The extracellular matrix in non-classical osteogenesis imperfecta

Prof. Dr. Frank Zaucke

Dr. Rolf M. Schwiete Research Unit for Osteoarthritis
Orthopedic University Hospital Friedrichsheim
Marienburgstr. 2, 60528 Frankfurt

 

PD Dr. Jörg Oliver Semler

University Hospital for Pediatrics and Adolescent Medicine
Faculty of Medicine, University of Cologne
Kerpener Str. 62, 50937 Köln

Summary

In approximately 90% of the cases, the clinical picture of Osteogenesis imperfecta (OI) is caused by mutations in collagen I coding genes. However, pathomechanisms of the remaining non-classical OI types are largely unknown. It is still unclear if structural changes of the ECM directly lead to increased bone fragility or if functional alterations of the ECM cause an impaired stability of the skeletal system. Only a better understanding of underlying mechanisms allows the development of new treatment strategies. Only the elucidation of disease mechanisms in non-classical OI type VI caused by mutations in SERPINF1 paved the way for a new anti-resorptive treatment.

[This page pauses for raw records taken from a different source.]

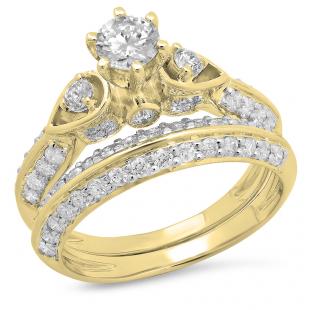 1.50 Carat (ctw) 18K Yellow Gold Round Diamond Ladies 3 Stone Bridal Engagement Ring Set 1 1/2 CT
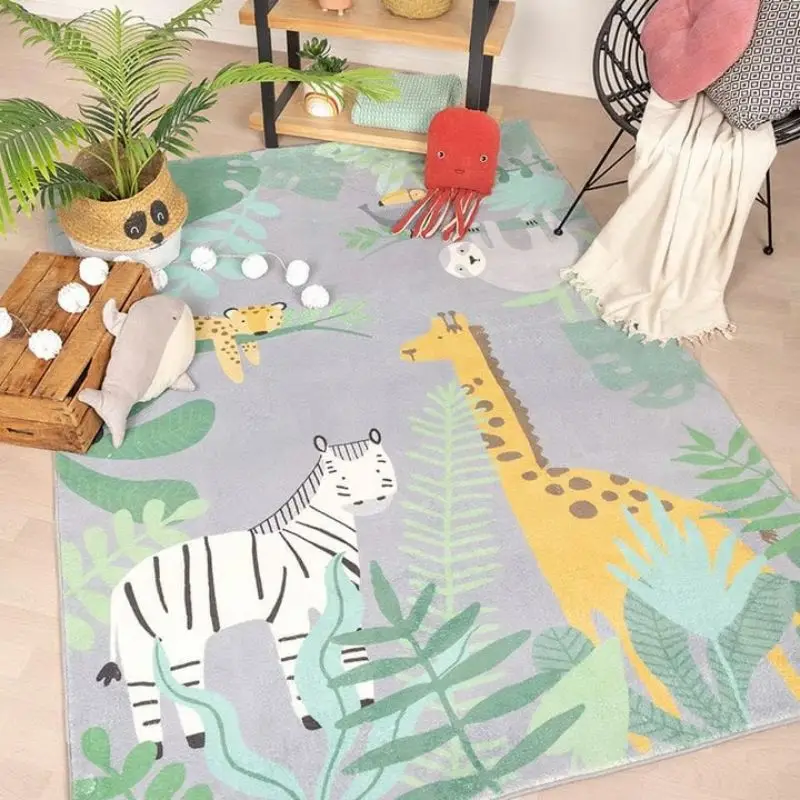 

Wildlife Hairy Nursery Play Mat For Children Giraffe Leopard Zebra Fluffy Carpet For Living Room Animal Plush Kids Bedroom Rugs
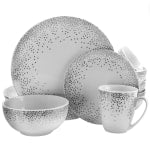 Gibson Platinum Dots 16-Piece Round Ceramic Dinnerware Set, White/Silver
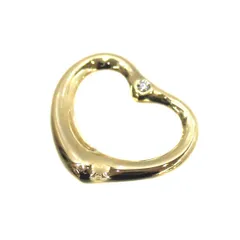 Tiffany&Co./ティファニー オープンハート ペンダントトップ ダイヤ2P K18/18金 YG/イエローゴールド 約5.8g HO Bランク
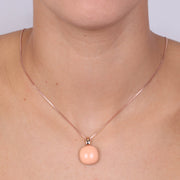 Collana in Argento 925 con pendente in pasta di corallo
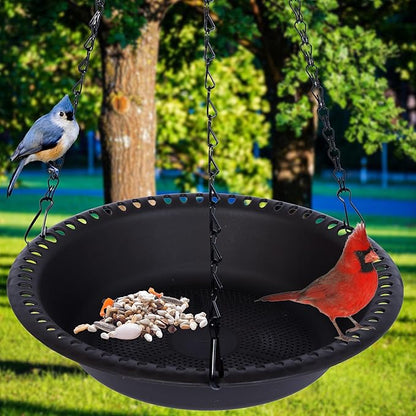 Hanging Bird Feeder Tray 10inch for Garden Yard Outside, Black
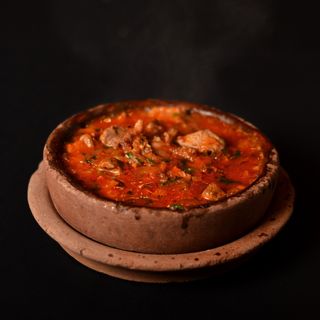 ხბოს ჩაშუშული კეცზე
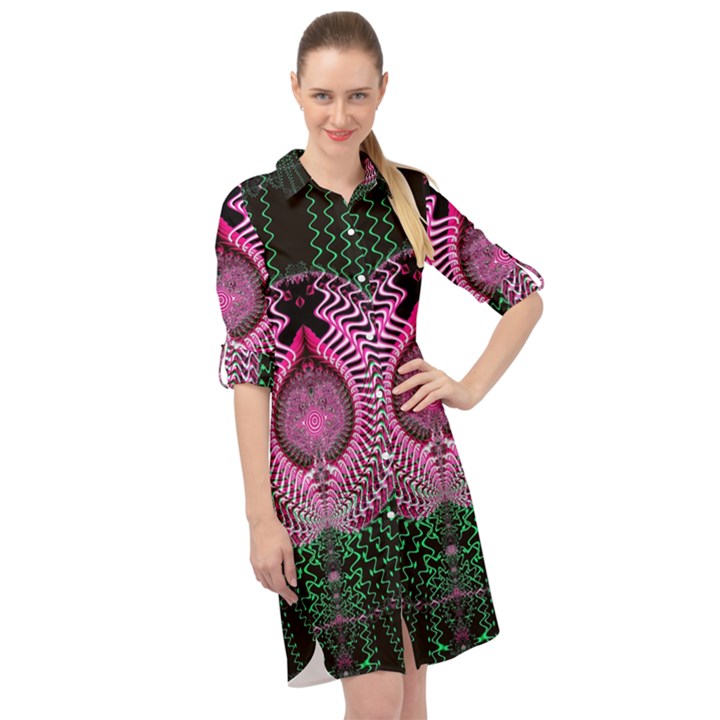 Fractal Traditional Fractal Hypnotic Long Sleeve Mini Shirt Dress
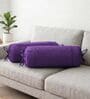 Dark Purple Solid Cotton 2 Pcs Bolster Covers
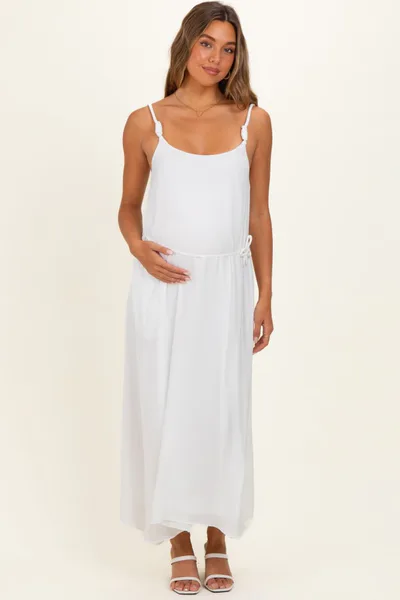 PinkBlush Off White Sleeveless Flower Belt Maxi Dress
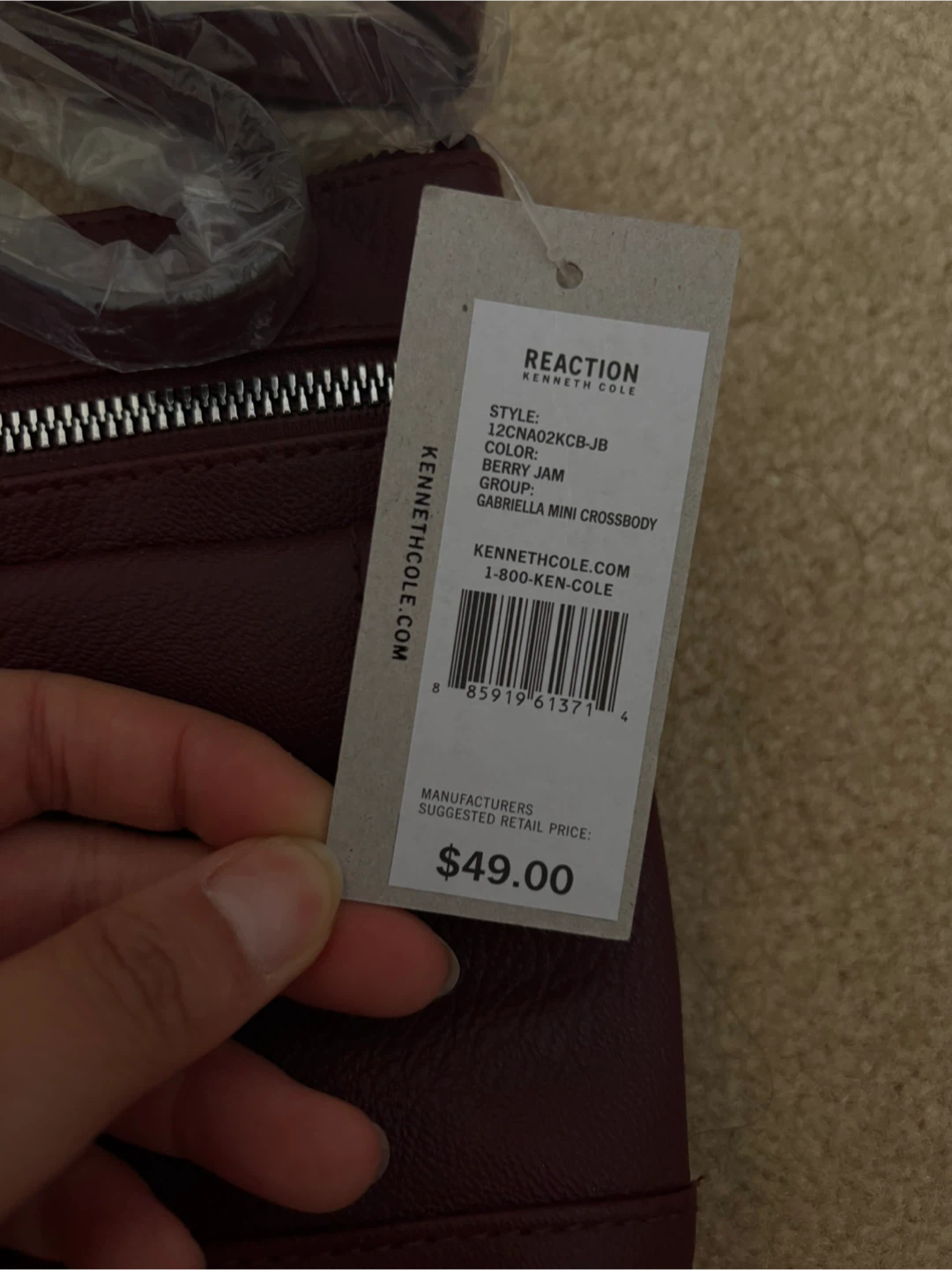Reaction Kenneth Cole Gabriella Mini Crossbody Bag in Berry Jam - photo 2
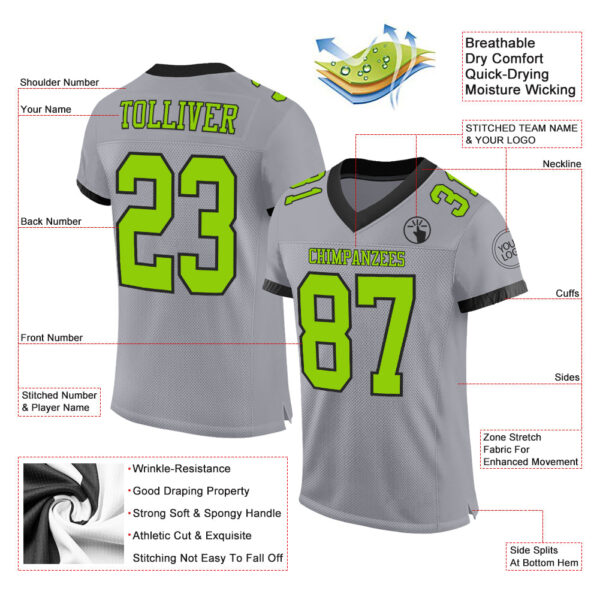Custom Gray Neon Green-Black Mesh Authentic Football Jersey - Image 2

The aim of the current project is to decipher mutations in new disease causing genes and analyze their pathogenic effects at the molecular and cellular level. 10 already recruited families will be characterized clinically and genetically using Whole Genome Sequencing.

Functional analysis will unravel the influence of mutations on protein stability and localization as well as on collagen folding, transportation and secretion also of other ECM components. The effects on cell proliferation and differentiation and on relevant signaling pathways will be investigated in vitro.

In addition to the identification of new pathologies the effects of currently used treatments like bisphosphonates in non-classical OI will be investigated in retrospective analysis. Thereby, we will define criteria for responders and non-responders and aim to develop more efficient therapeutic approaches.